The focus of these programmes will be on the four stages of a child’s life, starting with pregnancy through to the teenage years. “The programmes will therefore play a crucial role in helping parents and children to form a warm, loving bond as well as teaching constructive communication,” explained Wilmi Dippenaar, The Seven Passes Inititative director.
The project, with funding from the World Childhood Foundation, will operate in the community of Touwsranten. It will determine if a community-driven public awareness campaign, combined with parenting programmes, will improve parenting and promote child safety across the whole village.

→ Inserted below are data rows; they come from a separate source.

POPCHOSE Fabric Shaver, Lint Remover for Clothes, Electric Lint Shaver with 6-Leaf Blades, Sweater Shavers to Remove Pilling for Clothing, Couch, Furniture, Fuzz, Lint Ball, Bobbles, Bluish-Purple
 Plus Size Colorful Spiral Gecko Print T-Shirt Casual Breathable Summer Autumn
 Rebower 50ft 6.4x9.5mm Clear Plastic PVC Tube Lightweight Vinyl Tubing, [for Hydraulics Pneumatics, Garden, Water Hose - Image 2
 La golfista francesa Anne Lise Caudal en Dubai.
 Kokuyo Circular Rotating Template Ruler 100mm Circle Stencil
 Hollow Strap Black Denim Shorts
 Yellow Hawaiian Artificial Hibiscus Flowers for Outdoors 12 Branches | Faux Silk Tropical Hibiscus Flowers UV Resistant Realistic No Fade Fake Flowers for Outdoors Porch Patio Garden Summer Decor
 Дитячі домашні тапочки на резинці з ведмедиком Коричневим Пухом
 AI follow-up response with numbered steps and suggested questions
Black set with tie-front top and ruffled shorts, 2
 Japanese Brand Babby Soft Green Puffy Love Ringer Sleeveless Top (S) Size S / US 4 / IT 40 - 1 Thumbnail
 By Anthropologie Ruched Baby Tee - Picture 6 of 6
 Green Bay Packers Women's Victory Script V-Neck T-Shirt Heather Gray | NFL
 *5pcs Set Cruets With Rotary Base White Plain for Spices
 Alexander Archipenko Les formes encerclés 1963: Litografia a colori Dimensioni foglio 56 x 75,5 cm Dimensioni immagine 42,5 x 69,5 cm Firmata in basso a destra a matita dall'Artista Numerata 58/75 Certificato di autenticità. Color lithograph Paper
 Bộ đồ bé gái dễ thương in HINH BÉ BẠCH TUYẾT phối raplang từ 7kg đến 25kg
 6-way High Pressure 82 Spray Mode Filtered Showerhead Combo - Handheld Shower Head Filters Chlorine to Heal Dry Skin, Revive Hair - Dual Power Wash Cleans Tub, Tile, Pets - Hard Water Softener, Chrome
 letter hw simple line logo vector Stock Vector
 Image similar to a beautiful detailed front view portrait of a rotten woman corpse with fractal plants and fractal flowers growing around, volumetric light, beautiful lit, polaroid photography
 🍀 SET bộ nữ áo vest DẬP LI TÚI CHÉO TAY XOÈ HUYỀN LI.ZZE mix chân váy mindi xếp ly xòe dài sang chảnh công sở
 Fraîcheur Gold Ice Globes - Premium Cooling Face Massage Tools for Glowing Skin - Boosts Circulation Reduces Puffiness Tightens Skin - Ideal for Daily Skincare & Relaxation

“These kinds of partnerships, which bring together policy research organisations, academic institutions and organisations that implement programmes, are essential to developing interventions that actually work,” said Catherine Ward, associate professor at the Department of Psychology at UCT. “The challenge is to determine how to take programmes that have been shown through testing to be effective, to scale.”
The Touwsranten project is part of a broader effort by the ISS and UCT to address crime and violence through parenting support programmes that the state can implement nationally. In 2014, their efforts contributed to parenting support being included as a policy priority for the Western Cape Government. The ISS and UCT also helped the provincial government to develop a high-level implementation strategy and budget for parenting support across the province.
“The safety and happiness of many South African children are undermined by violence in their homes and communities. We believe parents can develop positive, non-violent skills to help them keep their children safe in and outside of the home,” explained Chandré Gould, senior research fellow at the ISS and CEO of The Seven Passes Initiative.
Gould hopes these parenting programmes will have the same positive effect as other Seven Passes initiatives have had.
“We have noticed that the youth on youth violence in our community has reduced after we set out to address the problem by training homework facilitators from within the community. The homework programme enabled the youth to recognise their own value.”
The project involves a variety of activities, from establishing a community-based brand of positive parenting to delivering evidence-based positive parenting programmes. If the approach is shown to be effective, the project will offer a model for similar projects in other communities in future.